Emergent Mind

Fast Timing-Conditioned Latent Audio Diffusion

(2402.04825)
Published Feb 7, 2024 in cs.SD , cs.LG , and eess.AS

Abstract

Generating long-form 44.1kHz stereo audio from text prompts can be computationally demanding. Further, most previous works do not tackle that music and sound effects naturally vary in their duration. Our research focuses on the efficient generation of long-form, variable-length stereo music and sounds at 44.1kHz using text prompts with a generative model. Stable Audio is based on latent diffusion, with its latent defined by a fully-convolutional variational autoencoder. It is conditioned on text prompts as well as timing embeddings, allowing for fine control over both the content and length of the generated music and sounds. Stable Audio is capable of rendering stereo signals of up to 95 sec at 44.1kHz in 8 sec on an A100 GPU. Despite its compute efficiency and fast inference, it is one of the best in two public text-to-music and -audio benchmarks and, differently from state-of-the-art models, can generate music with structure and stereo sounds.

Stable audio diagram showing pre-trained models, parameters learned in training, and signals of interest.

Overview

  • The paper presents Stable Audio, a generative audio model based on latent diffusion and a fully-convolutional variational autoencoder architecture to create high-quality, long-form audio quickly.

  • Stable Audio introduces the use of text and timing embeddings to control content and duration of the audio, allowing for variable-length outcomes up to the trained length.

  • Customized evaluation metrics assess the model's ability to generate full-bandwidth, long-form stereo signals, focusing on quality and adherence to textual prompts.

  • Empirical results show that Stable Audio excels in generating structured music and has reasonable performance in sound effect production, with opportunities for improvement in stereo sound.

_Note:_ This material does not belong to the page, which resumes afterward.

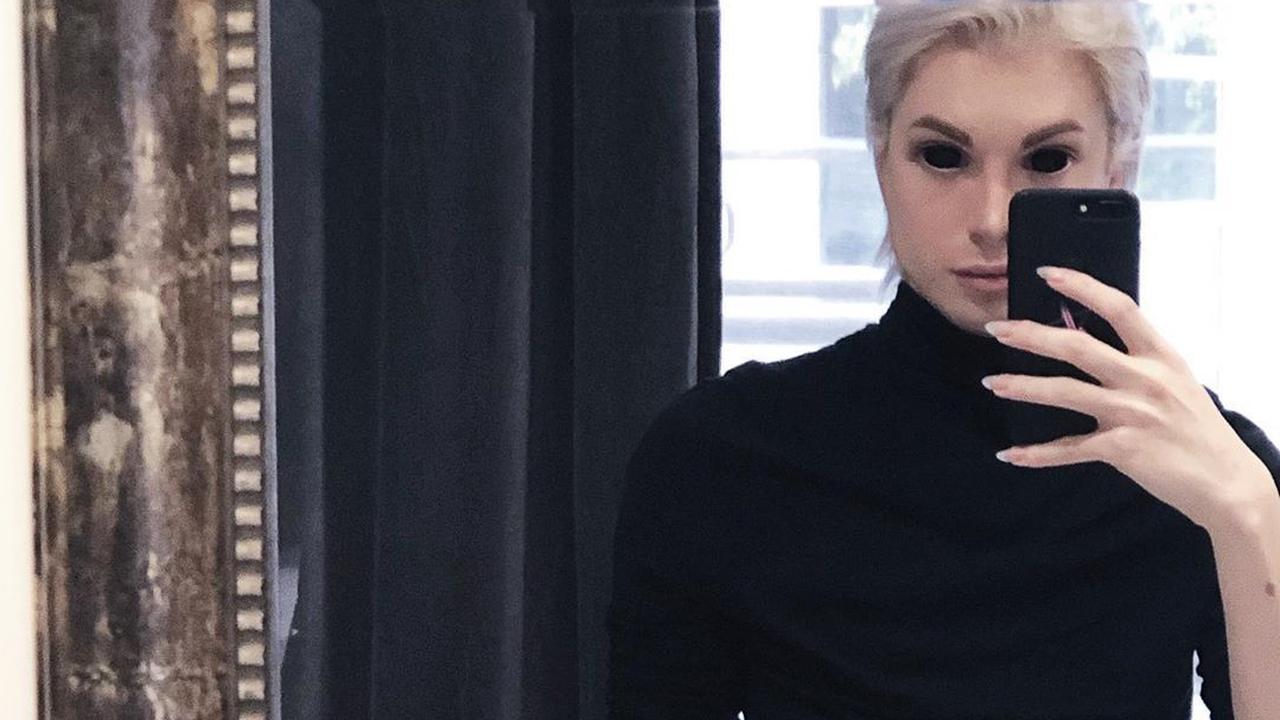 Pria Argentina Jalani 32 Operasi demi Mirip Peri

Introduction to Stable Audio

In the realm of generative audio, recent advancements have been substantial, particularly with diffusion-based generative models that have made strides in image, video, and audio synthesis. While these models demonstrate impressive results, a notable challenge presents itself when dealing with raw audio—computational intensity during training and inference. This challenge amplifies when the focus shifts towards generating high-fidelity, long-form audio at standard sampling rates (44.1kHz), as commonly desired in music and sound effects production.

Overcoming Long-Form Audio Generation Challenges

The research introduces Stable Audio, a model anchoring on latent diffusion principles, which benefits from a fully-convolutional variational autoencoder (VAE) architecture. This approach effectively sidesteps computational burdens associated with raw audio manipulation, enabling much faster inference times. Crucially, the model accommodates control over both content and duration of the generated output via text and timing embeddings. These embeddings represent a novel method in the domain of generative audio, granting the ability to produce variable-length audio up to the prescribed training window length—a formidable improvement over previous works constrained to fixed-length outputs.

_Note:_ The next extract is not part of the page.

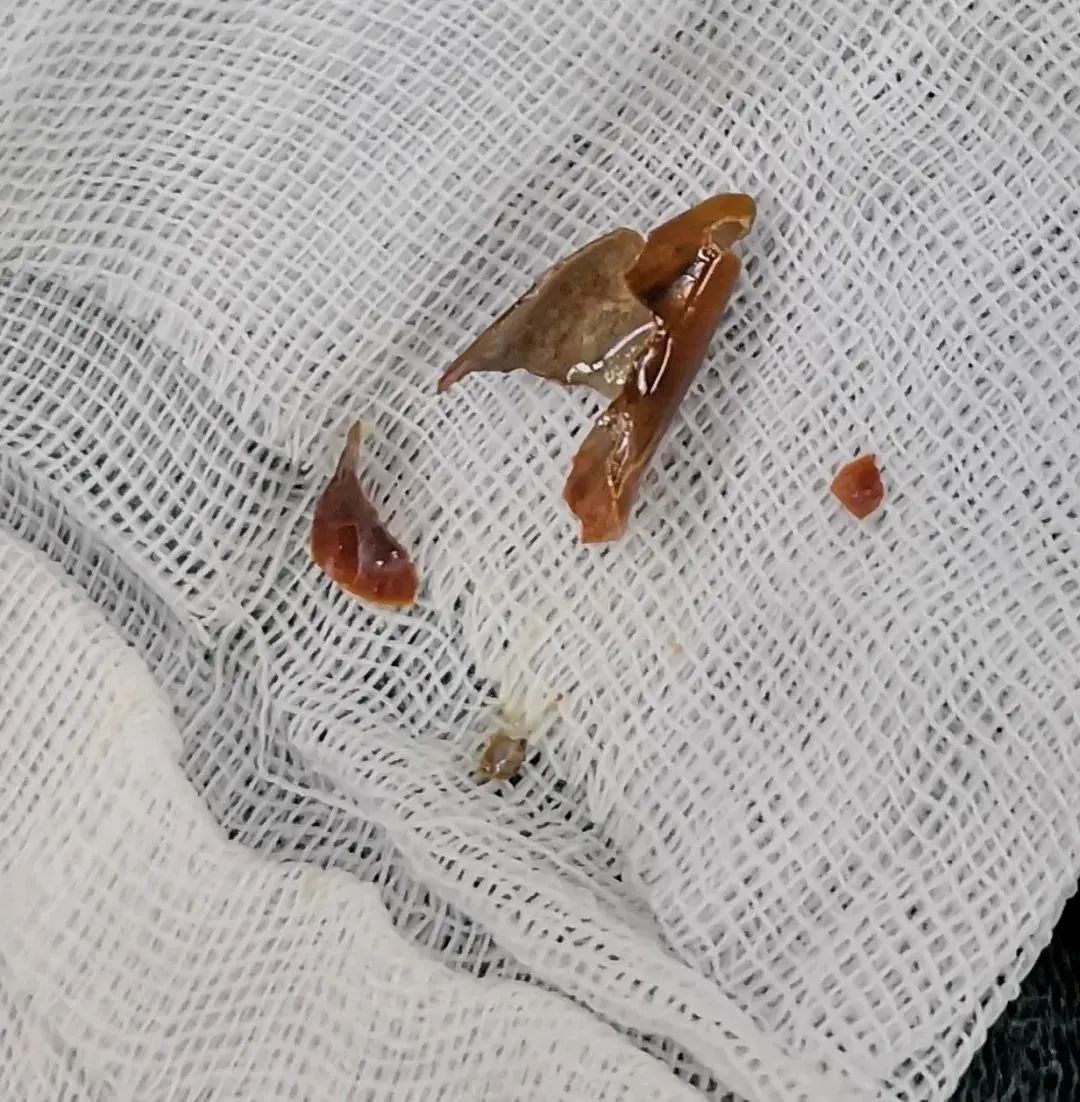 啥情况？男子夏天裹着厚棉服，高烧40℃！只因这一口辣椒……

Benchmarking Performance against Existing Metrics

The study pioneers customized evaluation metrics to assess the generation of long-form full-band stereo signals. These include:

  1. A Fréchet Distance variant using OpenL3 embeddings, tailored for full-bandwidth (up to 44.1kHz) and stereo signals.
  2. A modified Kullback-Leibler divergence metric for semantic evaluation of extended audio lengths.
  3. The CLAP score, designed to measure adherence of the generated stereo audio to textual prompts.

These metrics, adapted from established ones, cater to the assessment of variable-length, long-form audio, providing a robust framework for measuring the plausibility, semantic reliability, and text-based accuracy of generative models.

Empirical Results and Model Capabilities

Empirical findings from the paper indicate Stable Audio's proficiency in generating high-quality, structured music—with identifiable sections like intro and outro—and stereo sound effects. In speed tests on an A100 GPU, the model rendered up to 95 seconds of 44.1kHz stereo audio in as little as 8 seconds. Quantitatively, Stable Audio showcased its competitive edge on public text-to-music benchmarks, leading in several audio quality metrics and text alignment for music generation. When qualitatively measured, it earned high mean opinion scores for audio quality and musical structure compared to other models. However, the study does acknowledge an area for potential refinement: enhancing the model's stereo sound generation for sound effects, as indicated by a modest stereo correctness score.

Online Resources and Model Accessibility

Amplifying its practical implications, the researchers have made the model, accompanying metrics, and demonstrations publicly accessible. Interested parties can interact with Stable Audio's capabilities through comprehensive demo pages, facilitating transparency and accelerating its utility for various applications.

In conclusion, Stable Audio signifies a leap forward in generative audio synthesis, particularly in the domain of music and sound effects production. This model's introduction stands as a testament to the evolving synergy between efficiency, control, and quality within the field of generative AI.